[Task description] Without including any pictures, reproduce all the lines below word for word.

[Short web captions]
════
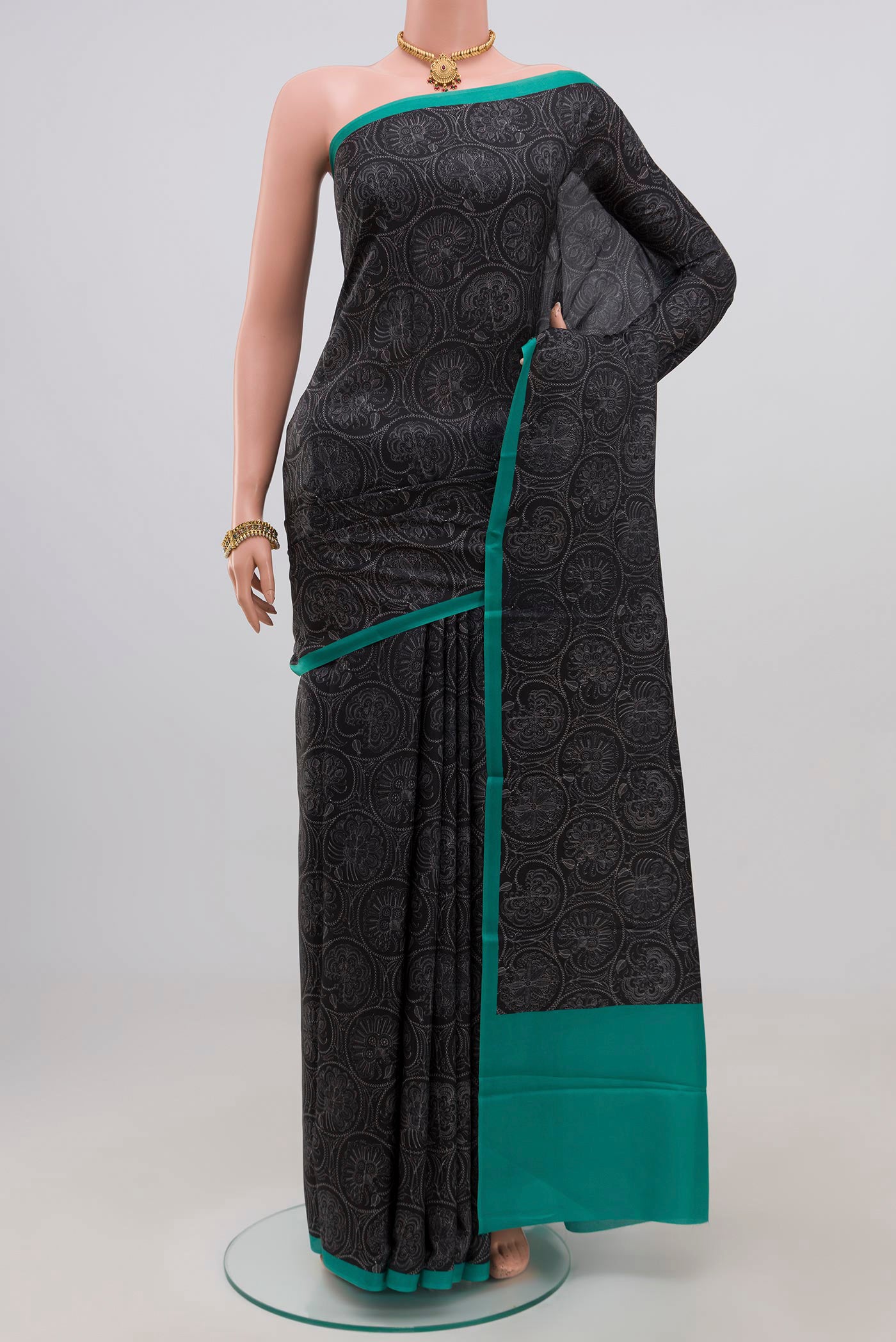 Black Printed Silk Saree with Printed design on the body and Plain Border.  displayed on a mannequin
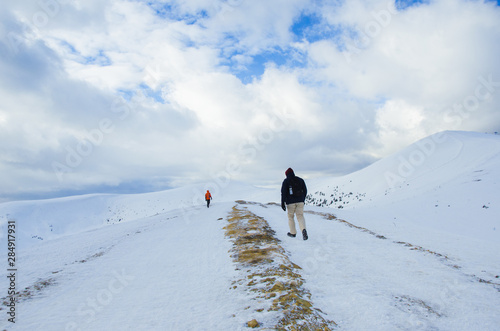 People climbing in Carpathian mountains in winter, covered with snow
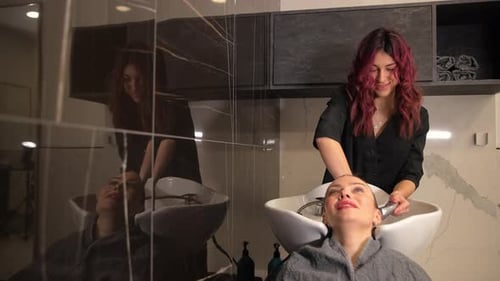 Hairdresser Washing Customer's Hair at Salon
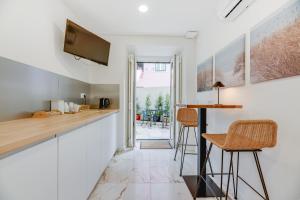 a kitchen with a bar and stools in a room at Correio Velho Hotel in Lisbon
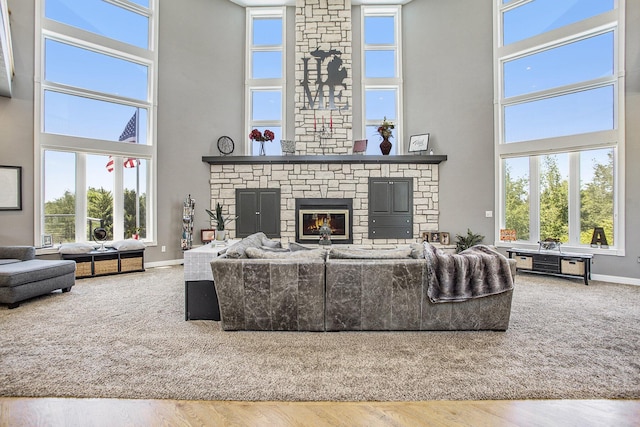 living room featuring wood-type flooring, a fireplace, and a high ceiling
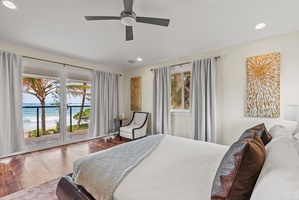 The primary suite in the upper level has large windows and ocean views.
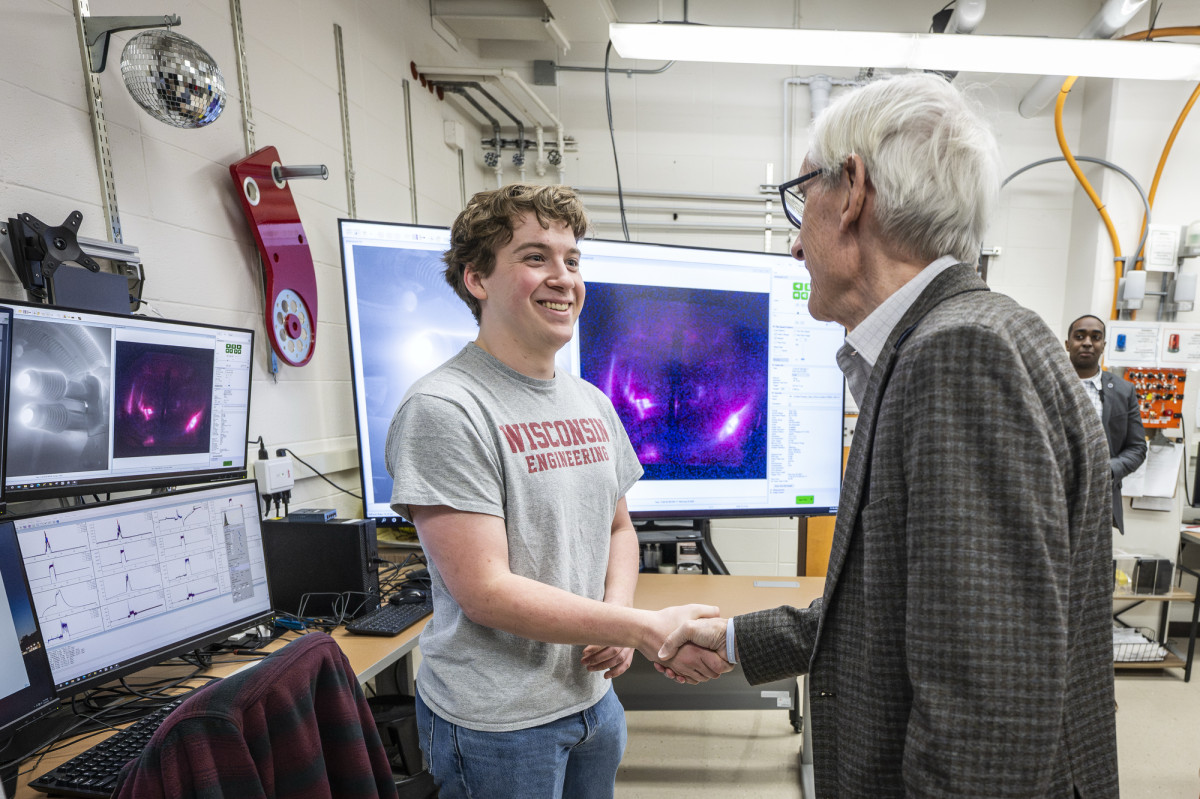 Gergen and Evers shake hands in a science lab.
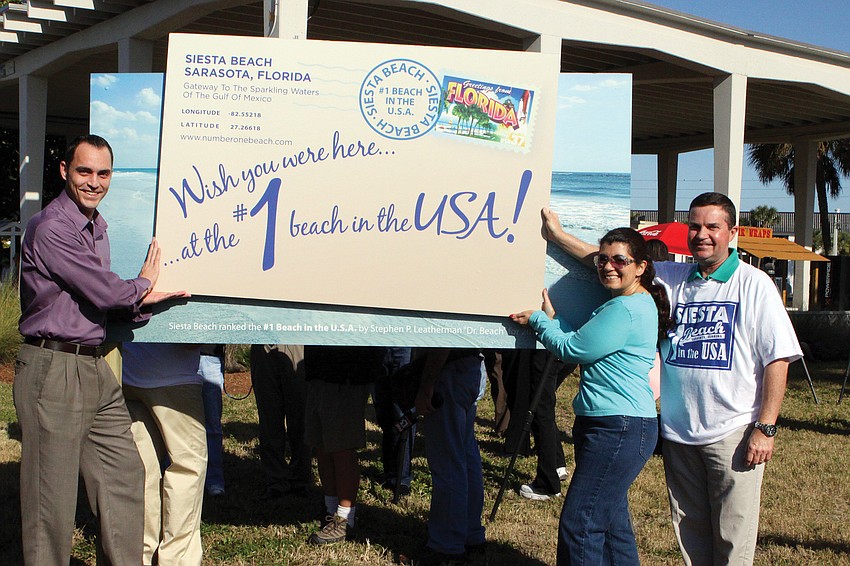 Kevin Cooper, of the Siesta Chamber, Lourdes Ramirez and Rob Lewis, of Sarasota County Government.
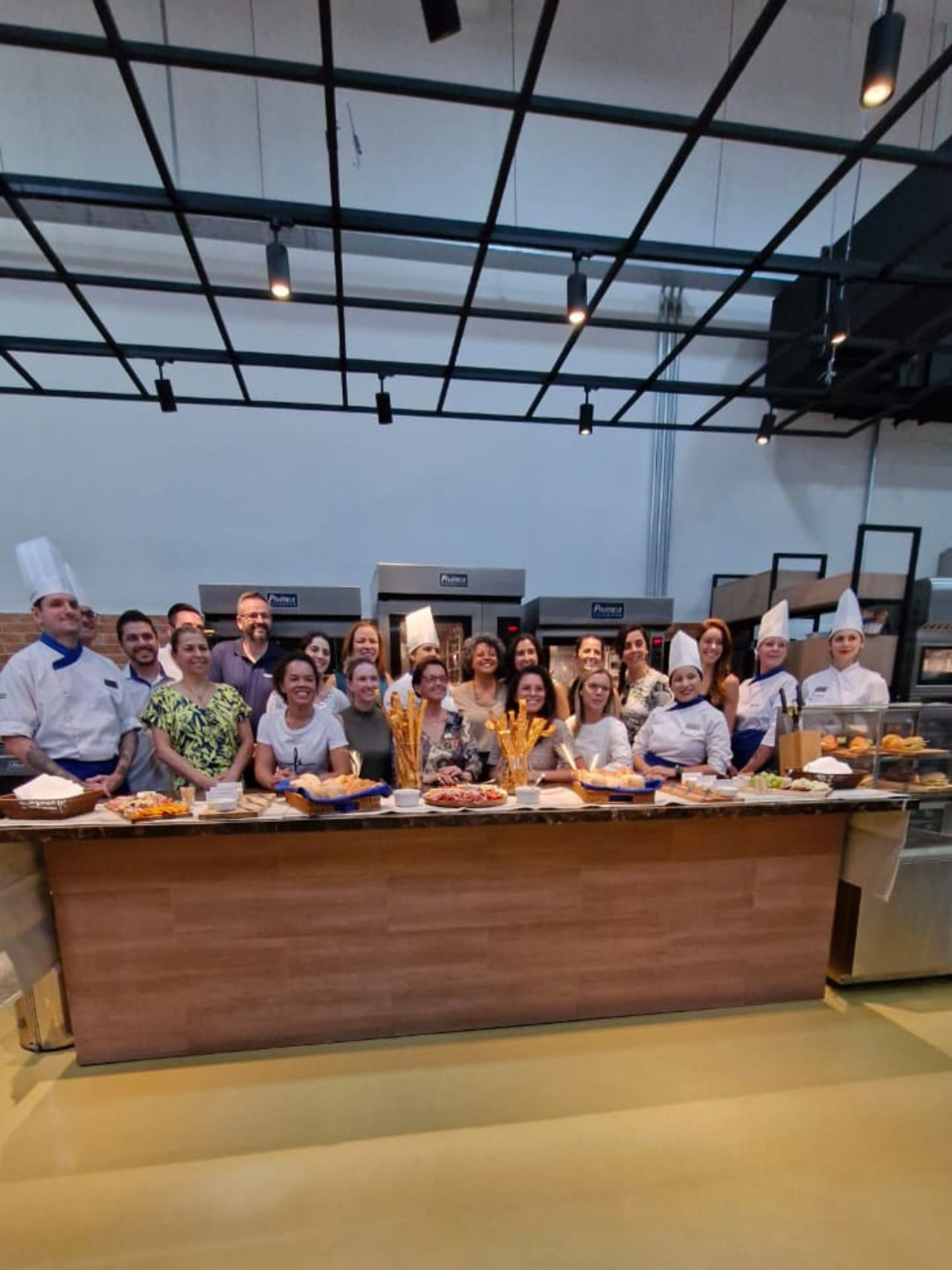 Um grupo de pessoas está posando para uma foto em uma cozinha.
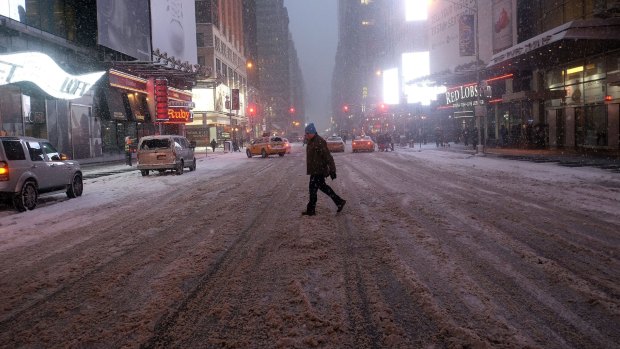Deserted: A man crosses Times Square in New York during the blizzard.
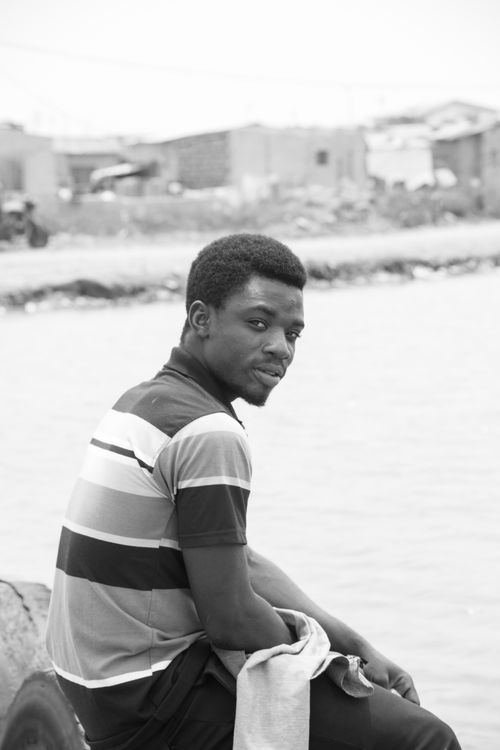 Free A contemplative man sitting by the water's edge in a black and white portrait. Stock Photo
════
[Task solution]
 Black Printed Silk Saree with Printed design on the body and Plain Border.  displayed on a mannequin
 People climbing in Carpathian mountains in winter, covered with snow
 Hairdresser Washing Customer's Hair at Salon
 a kitchen with a bar and stools in a room at Correio Velho Hotel in Lisbon
 living room featuring wood-type flooring, a fireplace, and a high ceiling
 The primary suite in the upper level has large windows and ocean views.
 Gergen and Evers shake hands in a science lab.
 Kevin Cooper, of the Siesta Chamber, Lourdes Ramirez and Rob Lewis, of Sarasota County Government.
 Um grupo de pessoas está posando para uma foto em uma cozinha.
Deserted: A man crosses Times Square in New York during the blizzard.
 Free A contemplative man sitting by the water's edge in a black and white portrait. Stock Photo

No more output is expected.